**Task details:** Repeat the data below exactly, with every entry included.

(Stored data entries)
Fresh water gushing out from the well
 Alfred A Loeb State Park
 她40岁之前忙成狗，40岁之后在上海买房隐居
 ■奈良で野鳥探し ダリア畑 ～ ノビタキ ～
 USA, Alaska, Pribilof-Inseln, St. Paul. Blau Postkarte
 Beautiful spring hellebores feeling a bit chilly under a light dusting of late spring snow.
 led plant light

**Your solution:**
Fresh water gushing out from the well
 Alfred A Loeb State Park
 她40岁之前忙成狗，40岁之后在上海买房隐居
 ■奈良で野鳥探し ダリア畑 ～ ノビタキ ～
 USA, Alaska, Pribilof-Inseln, St. Paul. Blau Postkarte
 Beautiful spring hellebores feeling a bit chilly under a light dusting of late spring snow.
 led plant light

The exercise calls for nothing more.